The August issue of Wired Magazine has an article by Chris Colin, titled "Rate This Article", that bemoans the impact of near-universal ratings on the ability of people to make their own decisions. I (mildly) disagree with Colin's belief that ratings interfere with the ability to make serendipitous discoveries--most people would prefer to avoid paying for a bad meal from a bad restaurant, or paying $40 to take their families to a lousy movie.
My concern is that we're increasingly being asked to rate everything, whether or not we have any interest in doing so. If you're an Amazon customer, sooner or later you'll receive an email asking you to rate a purchase. If you use Netflix, it sometimes feels as though you've been asked to rate every movie ever made. If you have your car serviced by a dealership, you'll almost always receive a survey from the manufacturer asking questions about the experience. Before you get the survey, however, your service manager, or whatever title the dealership uses, will implore you to give them the best possible rating on every question.
Most professionals who do surveys for a living, such as market researchers and sociologists, will tell you that there's a big difference between the ratings and reviews that people give without prompting (think Yelp) and those that they're asked to fill out, such as the car dealer's service survey. For most people, they're more likely to write a review or assign a rating for something that they feel strongly about, either positively or negatively. There's no point in giving a "meh" rating.

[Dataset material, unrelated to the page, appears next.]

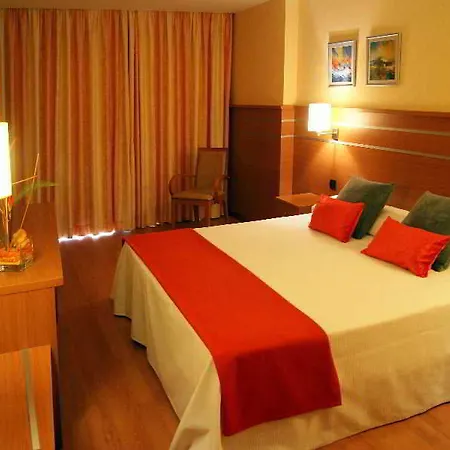 Ξενοδοχείο Beverly Park & 4*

As for the car service survey, the manufacturer may as well throw the results out. The service manager has already biased your responses (you don't want to get them in trouble), so you're much more likely to give unreasonably high ratings unless something went very wrong. Was the floor of the waiting room so clean that you could eat off of it? Not likely, but you'll still probably give it an "Excellent" rating, so long as you didn't see roaches or rats.
I put more stock in the answers from respondents who choose to rate or review a product themselves, without being prompted to do so. The responses are more emotional, and thus tend to skew to very positive or negative, but they more accurately reflect the true opinions of the respondents at that moment. Note that I'm not including situations where people review products or services in return for compensation; those reviews should be considered biased unless proven otherwise. That's one of the problems with systems that reward reviewers based on the frequency of their reviews, such as Yelp and Amazon. Yelp, for example, throws parties and holds special events for its top reviewers, and Amazon awards special status to its top reviewers. These programs give reviewers incentives to write reviews for products and services that they don't feel strongly about, just to get more reviews posted.
On the whole, the "review economy" that we're living in is a good thing, so long as you consider the source, read the reviews carefully and look out for bias that goes beyond the norm (wild enthusiasm on one side and personal attacks on the other, or reviews that have been influenced by compensation).